Auf den Punkt: Romance Scams und KI-gestützte emotionale Manipulation erfordern ein Umdenken in der Sicherheitsarchitektur: Technischer Schutz ohne psychologische Früherkennung genügt nicht mehr.
Social Engineering ist zum dominierenden Angriffsvektor geworden: Laut Norton-Telemetrie machten Social-Engineering-Inhalte 2025 mehr als 90 Prozent aller blockierten Angriffe aus. Generative KI ermöglicht es Cyberkriminellen, täuschend echte gefälschte Identitäten zu skalieren und emotionale Manipulationen zu automatisieren – ein Problem, das klassische Authentifizierungsmechanismen nicht lösen können.

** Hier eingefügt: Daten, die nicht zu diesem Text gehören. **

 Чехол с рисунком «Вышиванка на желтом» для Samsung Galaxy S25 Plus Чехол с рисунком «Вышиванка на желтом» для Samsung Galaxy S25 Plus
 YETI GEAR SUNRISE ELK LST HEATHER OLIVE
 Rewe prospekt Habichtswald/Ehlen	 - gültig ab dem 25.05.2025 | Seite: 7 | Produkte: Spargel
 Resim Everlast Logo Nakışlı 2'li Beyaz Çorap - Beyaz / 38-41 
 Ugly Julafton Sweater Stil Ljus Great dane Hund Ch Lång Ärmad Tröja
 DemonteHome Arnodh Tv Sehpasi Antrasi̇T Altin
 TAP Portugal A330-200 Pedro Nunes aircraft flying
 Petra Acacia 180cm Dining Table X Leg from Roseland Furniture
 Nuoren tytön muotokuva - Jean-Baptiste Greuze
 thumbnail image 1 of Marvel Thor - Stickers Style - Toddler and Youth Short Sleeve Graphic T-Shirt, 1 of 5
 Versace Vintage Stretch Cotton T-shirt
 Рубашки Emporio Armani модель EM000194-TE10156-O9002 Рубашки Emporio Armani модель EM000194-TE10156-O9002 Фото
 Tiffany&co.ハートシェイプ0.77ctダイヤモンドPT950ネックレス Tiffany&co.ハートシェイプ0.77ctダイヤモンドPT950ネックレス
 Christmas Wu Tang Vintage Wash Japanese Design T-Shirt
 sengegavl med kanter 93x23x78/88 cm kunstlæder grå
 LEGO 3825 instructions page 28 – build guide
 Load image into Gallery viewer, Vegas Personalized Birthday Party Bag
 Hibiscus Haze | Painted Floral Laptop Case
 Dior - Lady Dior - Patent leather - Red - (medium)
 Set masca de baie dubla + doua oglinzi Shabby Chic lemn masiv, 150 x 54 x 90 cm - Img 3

Die Bedrohungslage hat sich fundamental verschoben: Angriffe zielen nicht mehr primär auf technische Schwächen ab, sondern auf psychologische Manipulationen. Alexander Vukcevic, Director CyberSafety Technology bei Gen, konstatiert, dass herkömmliche Sicherheitsmaßnahmen wie Zwei-Faktor-Authentifizierung oder Passwortmanager zwar notwendig, aber unzureichend sind. Sobald eine Vertrauensbasis aufgebaut ist, führen Opfer den finalen Schritt selbst aus – sie klicken auf Links, akzeptieren Gerätekopplungen, scannen QR-Codes oder teilen Verifizierungscodes.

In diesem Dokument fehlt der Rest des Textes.